++++ INPUT DATA ++++

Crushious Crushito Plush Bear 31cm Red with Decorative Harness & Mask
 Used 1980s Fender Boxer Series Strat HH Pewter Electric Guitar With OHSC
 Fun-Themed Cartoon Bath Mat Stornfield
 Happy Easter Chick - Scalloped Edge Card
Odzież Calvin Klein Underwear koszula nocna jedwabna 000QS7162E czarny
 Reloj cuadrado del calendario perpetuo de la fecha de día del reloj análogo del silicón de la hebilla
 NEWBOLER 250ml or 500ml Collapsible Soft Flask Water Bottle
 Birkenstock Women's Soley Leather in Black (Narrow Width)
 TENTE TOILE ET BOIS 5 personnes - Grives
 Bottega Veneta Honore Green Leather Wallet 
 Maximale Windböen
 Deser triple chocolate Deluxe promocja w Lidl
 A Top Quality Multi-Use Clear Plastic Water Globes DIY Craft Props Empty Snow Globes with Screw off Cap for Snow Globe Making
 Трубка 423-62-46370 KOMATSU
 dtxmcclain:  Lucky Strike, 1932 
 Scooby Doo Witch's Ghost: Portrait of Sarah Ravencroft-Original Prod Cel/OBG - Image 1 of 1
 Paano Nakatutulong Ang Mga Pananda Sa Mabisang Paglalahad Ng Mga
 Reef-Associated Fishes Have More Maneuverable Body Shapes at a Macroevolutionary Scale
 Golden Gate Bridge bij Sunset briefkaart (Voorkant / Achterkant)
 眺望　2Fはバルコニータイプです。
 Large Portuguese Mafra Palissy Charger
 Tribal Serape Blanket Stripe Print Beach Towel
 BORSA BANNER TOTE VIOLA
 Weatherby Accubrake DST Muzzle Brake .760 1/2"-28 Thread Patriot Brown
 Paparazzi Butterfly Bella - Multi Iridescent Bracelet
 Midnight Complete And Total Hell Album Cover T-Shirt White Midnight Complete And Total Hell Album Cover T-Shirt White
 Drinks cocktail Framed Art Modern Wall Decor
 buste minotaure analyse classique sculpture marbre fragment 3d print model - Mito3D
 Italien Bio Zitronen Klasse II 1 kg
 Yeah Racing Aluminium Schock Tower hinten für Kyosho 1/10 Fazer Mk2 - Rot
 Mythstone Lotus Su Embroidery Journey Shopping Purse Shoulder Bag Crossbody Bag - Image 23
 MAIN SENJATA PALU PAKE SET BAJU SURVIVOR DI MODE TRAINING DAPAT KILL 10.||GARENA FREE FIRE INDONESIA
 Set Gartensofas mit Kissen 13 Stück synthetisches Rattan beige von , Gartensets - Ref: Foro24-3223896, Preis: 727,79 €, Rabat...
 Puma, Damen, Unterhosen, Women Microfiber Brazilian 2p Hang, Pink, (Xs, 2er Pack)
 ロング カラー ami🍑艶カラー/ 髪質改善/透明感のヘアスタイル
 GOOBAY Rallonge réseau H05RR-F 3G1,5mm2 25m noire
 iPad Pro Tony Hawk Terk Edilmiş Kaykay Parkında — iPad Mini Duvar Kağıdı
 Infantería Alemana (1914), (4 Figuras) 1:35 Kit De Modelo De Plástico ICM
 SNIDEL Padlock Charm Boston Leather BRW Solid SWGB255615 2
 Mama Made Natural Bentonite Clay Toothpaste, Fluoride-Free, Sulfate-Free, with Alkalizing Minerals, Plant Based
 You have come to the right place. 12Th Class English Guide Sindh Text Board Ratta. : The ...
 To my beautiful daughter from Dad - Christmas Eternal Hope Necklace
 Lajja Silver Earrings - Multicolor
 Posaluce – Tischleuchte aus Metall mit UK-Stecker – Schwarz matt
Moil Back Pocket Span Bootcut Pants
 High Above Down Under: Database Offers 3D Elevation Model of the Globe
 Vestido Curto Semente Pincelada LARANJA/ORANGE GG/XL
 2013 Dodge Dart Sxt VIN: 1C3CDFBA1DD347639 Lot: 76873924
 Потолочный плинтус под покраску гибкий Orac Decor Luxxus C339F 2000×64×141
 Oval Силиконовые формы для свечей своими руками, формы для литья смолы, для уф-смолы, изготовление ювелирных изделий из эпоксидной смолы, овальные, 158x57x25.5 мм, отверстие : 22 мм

++++

(EXERCISE) Where a line of the records has the string "Globe", copy that line.

(OUTPUT BELOW)
 A Top Quality Multi-Use Clear Plastic Water Globes DIY Craft Props Empty Snow Globes with Screw off Cap for Snow Globe Making
 High Above Down Under: Database Offers 3D Elevation Model of the Globe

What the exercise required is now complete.